Dictionary¶
Load frequency dictionary¶
load_dictionary¶
Given a dictionary file like:
<term> <count>
<term> <count>
...
<term> <count>
We can use load_dictionary()
:
from itertools import islice
import pkg_resources
from symspellpy import SymSpell
sym_spell = SymSpell()
dictionary_path = pkg_resources.resource_filename(
"symspellpy", "frequency_dictionary_en_82_765.txt"
)
sym_spell.load_dictionary(dictionary_path, 0, 1)

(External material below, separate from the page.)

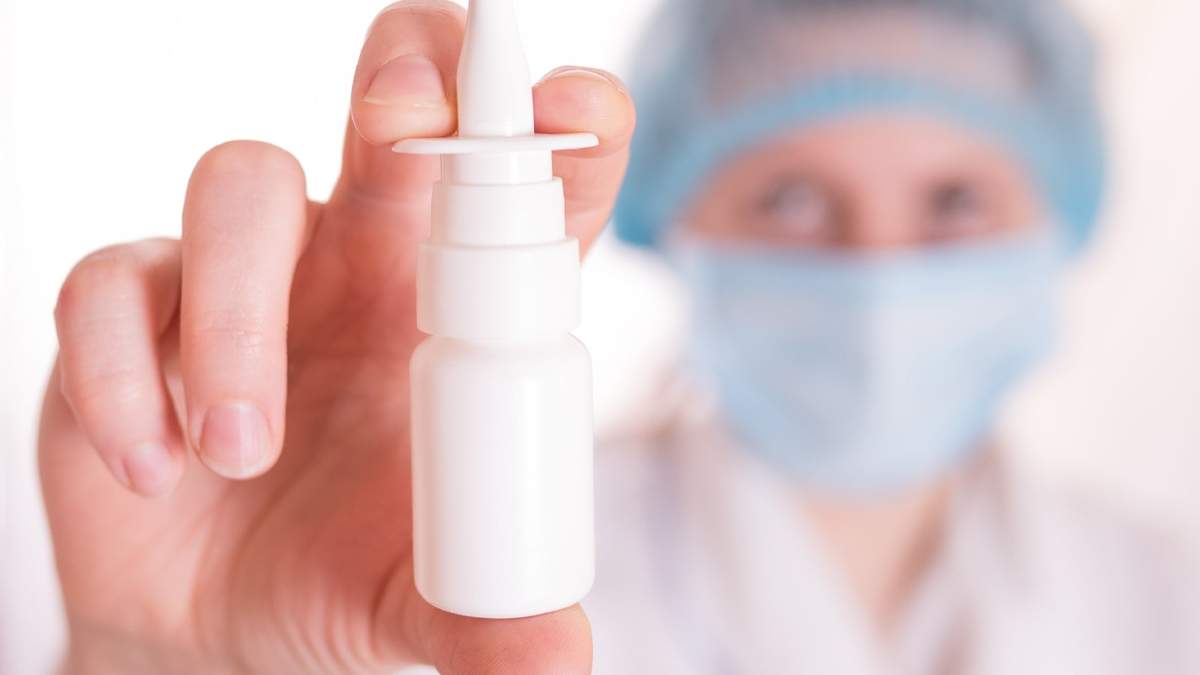Científicos desarrollan un spray nasal que previene el coronavirus. Fuente: (Twitter)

# Print out first 5 elements to demonstrate that dictionary is
# successfully loaded
print(list(islice(sym_spell.words.items(), 5)))
Output:
[('the', 23135851162), ('of', 13151942776), ('and', 12997637966), ('to', 12136980858), ('a', 9081174698)]
load_bigram_dictionary¶
Given a bigram dictionary file like:
<term_part_1> <term_part_2> <count>
<term_part_1> <term_part_2> <count>
...
<term_part_1> <term_part_2> <count>
We can use load_bigram_dictionary()
:
from itertools import islice
import pkg_resources
from symspellpy import SymSpell
sym_spell = SymSpell()
dictionary_path = pkg_resources.resource_filename(
"symspellpy", "frequency_bigramdictionary_en_243_342.txt"
)
sym_spell.load_bigram_dictionary(dictionary_path, 0, 2)
# Print out first 5 elements to demonstrate that dictionary is
# successfully loaded
print(list(islice(sym_spell.bigrams.items(), 5)))
Output:
[('abcs of', 10956800), ('aaron and', 10721728), ('abbott and', 7861376), ('abbreviations and', 13518272), ('aberdeen and', 7347776)]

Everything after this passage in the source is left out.